Data for this task:
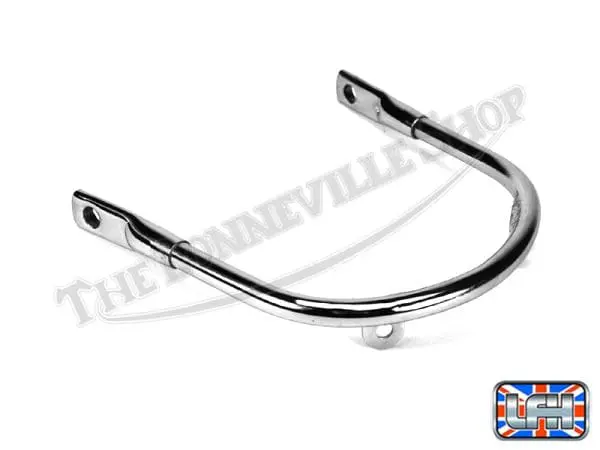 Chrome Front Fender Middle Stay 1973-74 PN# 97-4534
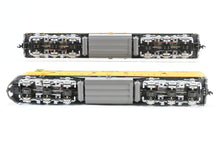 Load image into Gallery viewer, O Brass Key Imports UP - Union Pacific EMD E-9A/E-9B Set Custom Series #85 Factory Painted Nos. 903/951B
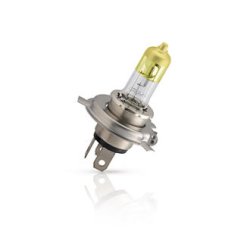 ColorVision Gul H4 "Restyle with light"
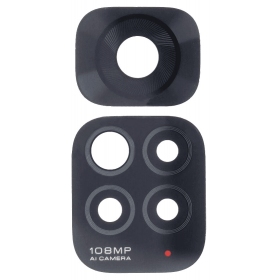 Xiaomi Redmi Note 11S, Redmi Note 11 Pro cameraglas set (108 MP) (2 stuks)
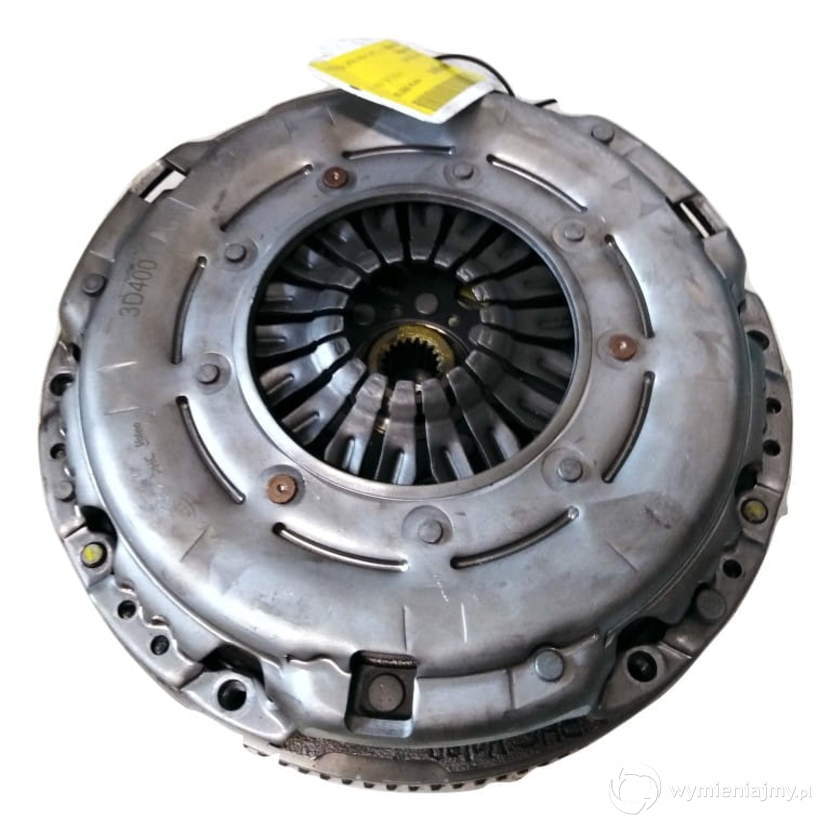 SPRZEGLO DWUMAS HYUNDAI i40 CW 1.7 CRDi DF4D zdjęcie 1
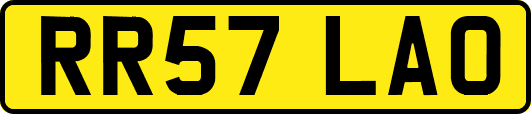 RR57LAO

---

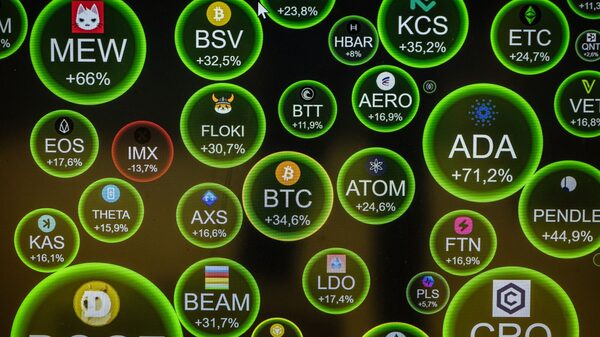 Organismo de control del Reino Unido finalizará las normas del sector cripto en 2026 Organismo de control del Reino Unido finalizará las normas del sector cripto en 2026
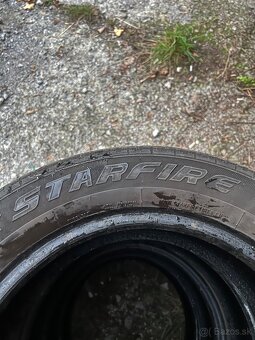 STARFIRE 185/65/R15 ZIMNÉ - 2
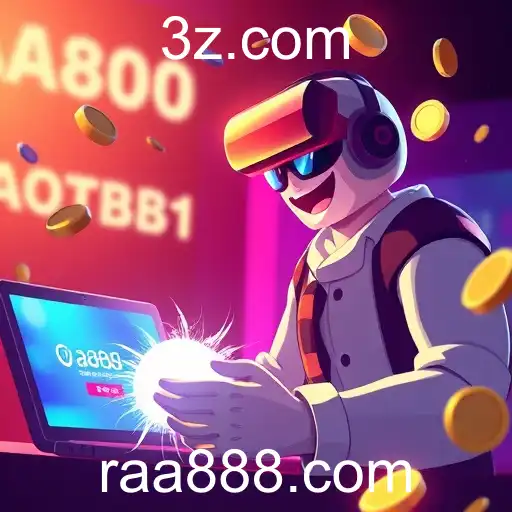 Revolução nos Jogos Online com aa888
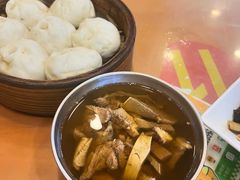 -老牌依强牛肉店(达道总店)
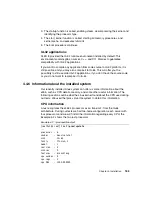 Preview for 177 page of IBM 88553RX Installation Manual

* * *

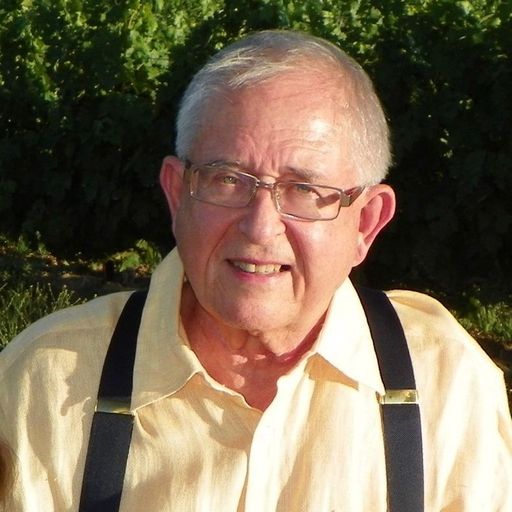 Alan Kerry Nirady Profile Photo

Task item:
Among the records above, locate the line containing "Load image into" and the line containing "Xiaomi Redmi Note", then transcribe exactly the lines starting at the first and ending at the second, with no pictures.

Answer section:
 Load image into Gallery viewer, O Brass Key Imports UP - Union Pacific EMD E-9A/E-9B Set Custom Series #85 Factory Painted Nos. 903/951B
 ColorVision Gul H4 "Restyle with light"
 Xiaomi Redmi Note 11S, Redmi Note 11 Pro cameraglas set (108 MP) (2 stuks)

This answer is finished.